Dass Froome, der schon abgehängt schien, wieder immer näher kam, motivierte ihn zum eigenen Angriff. „Ja, Froome ist Froome! Als der Rückstand immer mehr schmolz und ich auch sah, dass Alberto (Contador, d. Red.) nachließ, musste ich einfach beschleunigen. Ich bin glücklich, wie es gelaufen ist, auch darüber, dass ich mich offenbar besser fühle als Froome. Ich hatte den ganzen Tag schon ein gutes Gefühl."
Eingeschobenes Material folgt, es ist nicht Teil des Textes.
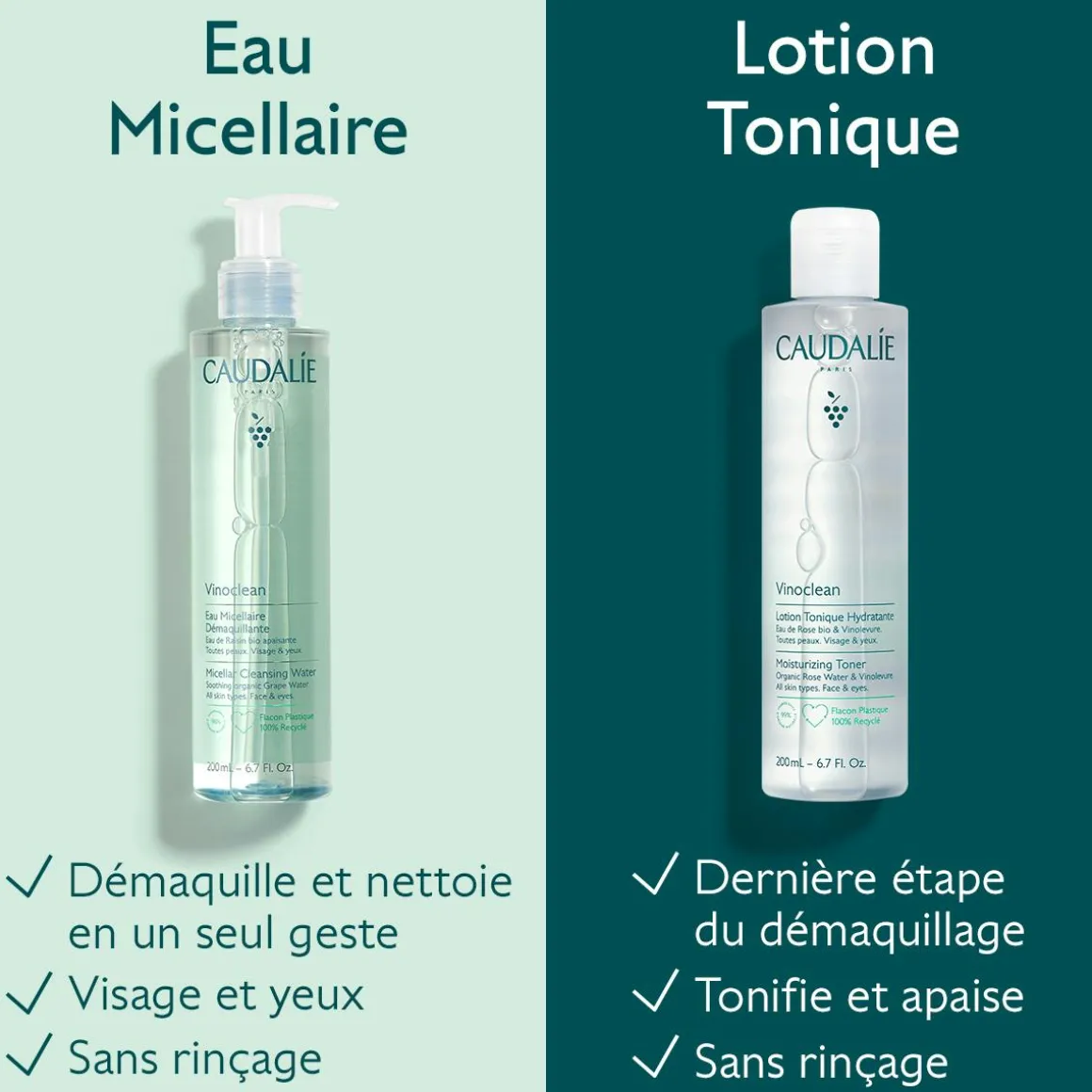 Lotion Tonique Hydratante à l'Eau de Rose Bio - 100ml
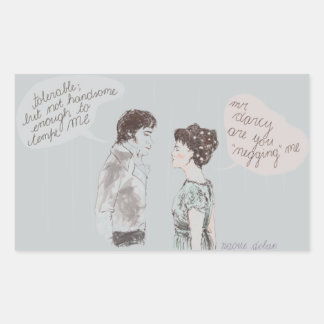 Pegatina Rectangular Negación y prejuicio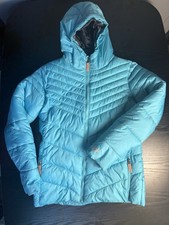 Champion Girl Winter Coat Puffer Jacket XL 14/16 Turquoise Insulated Hood Zip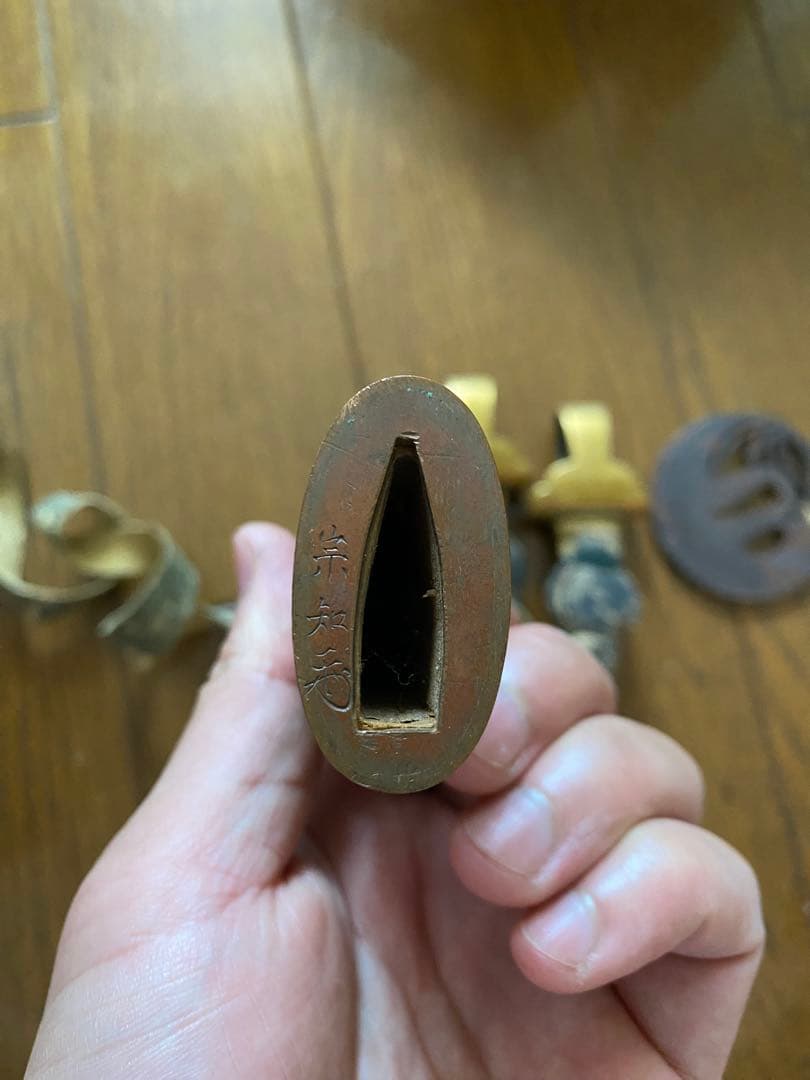 日本刀の柄と鍔のセット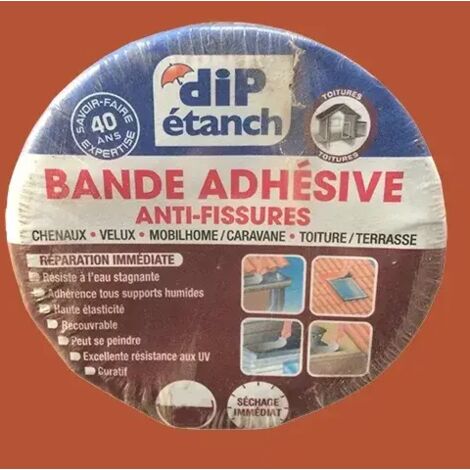 DIP étanch Bande Adhésive Anti-Fissures Terre cuite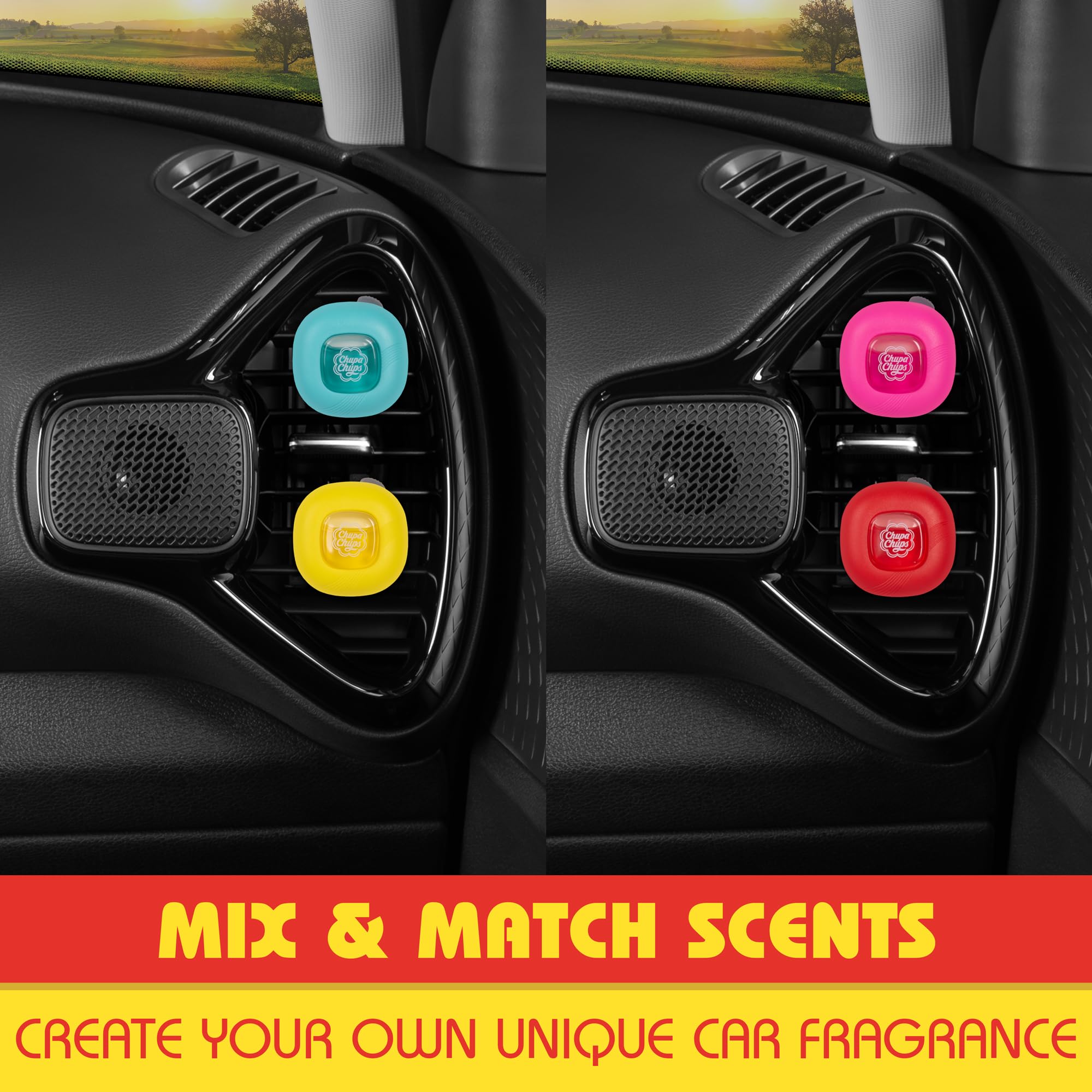 bdk-chupa-chups-car-air-freshener-vent-clips-4-pack-assorted-scents image 3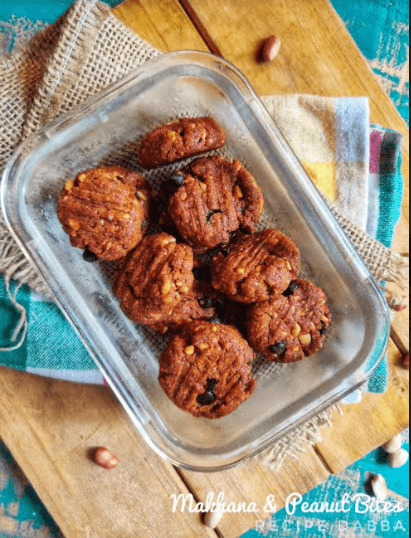 Makhana and Peanut Bites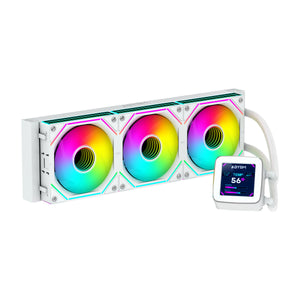 Oceanic LCD 360 ARGB Procesador Sistema de refrigeración líquida todo en uno 12 cm Blanco 1 pieza(s)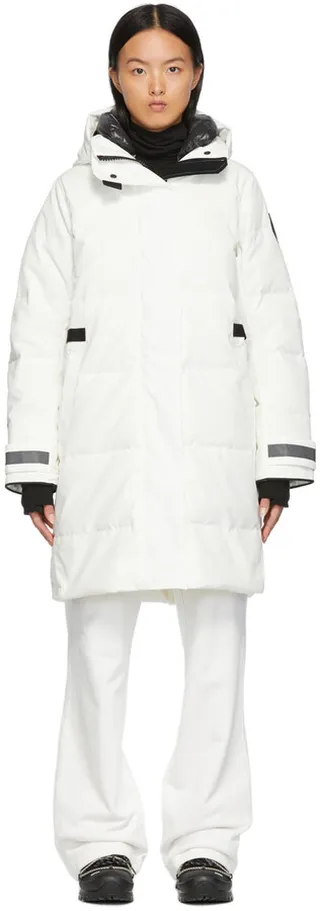 Canada Goose White 'Black Label' Down Bennett Parka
Doch auch der kleine Bergspezialist ist nicht mehr in Topform. „Nein, frisch fühle ich mich nicht. Die Saison ist ja schon lang, und ich habe auch die Tour in den Beinen. Aber die Verfassung ist generell gut und ich freue mich, das Trikot wieder zu haben. Ich weiß aber auch, dass noch viele schwere Tage kommen.“ 
Deshalb stellte er auch fest: „Morgen haben wir zum Glück einen Ruhetag."

Und danach geht die Vuelta mit der nächsten Bergankunft weiter!